──────── SOURCE INFORMATION ────────
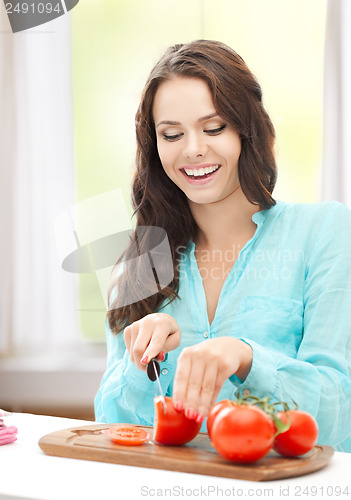 Image of woman in the kitchen cutting tomatoes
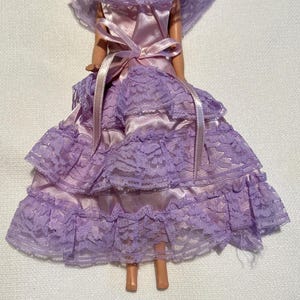 May include: A doll wearing a lavender dress with a satin bodice and a tiered lace skirt. The dress features a matching lace collar and a satin bow at the waist. The doll has blonde hair and is wearing earrings.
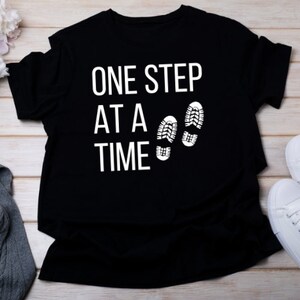 May include: Black t-shirt with white text that reads "One Step At A Time" and two white footprints.
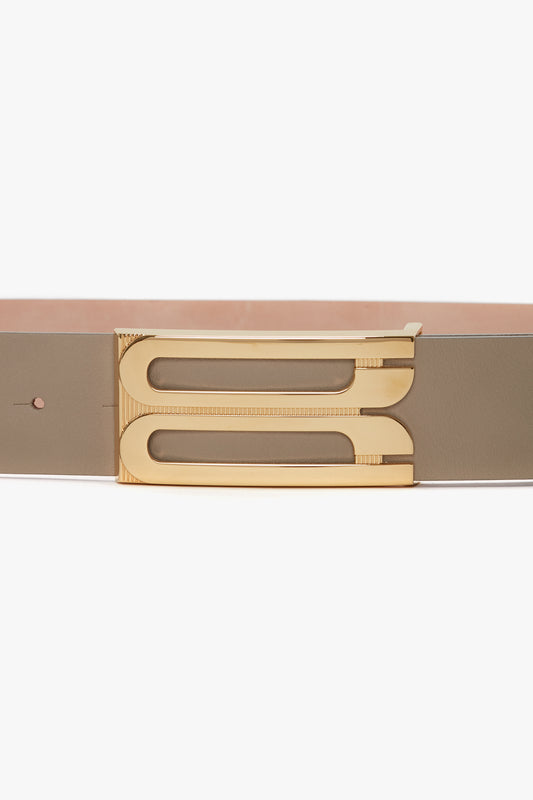 Close-up of a modern Victoria Beckham exclusive jumbo frame belt in beige leather featuring sleek, gold hardware.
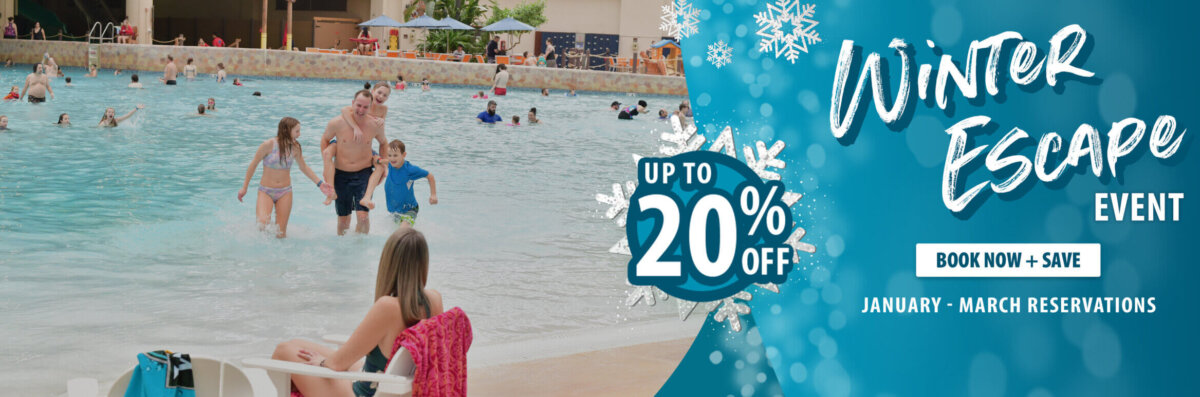 A family plays and splashes in an indoor water park pool. A lifeguard watches from a chair. Text reads “Up to 20% off Winter Escape Event” with the Wilderness Resort logo and website at the bottom.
────────
## WORK INSTRUCTION
Go from the first line of the data above to the line containing "Close-up of a" and retype exactly those lines, both included, but none of the pictures.

## WRITTEN SOLUTION
 Image of woman in the kitchen cutting tomatoes
 May include: A doll wearing a lavender dress with a satin bodice and a tiered lace skirt. The dress features a matching lace collar and a satin bow at the waist. The doll has blonde hair and is wearing earrings.
 May include: Black t-shirt with white text that reads "One Step At A Time" and two white footprints.
 Close-up of a modern Victoria Beckham exclusive jumbo frame belt in beige leather featuring sleek, gold hardware.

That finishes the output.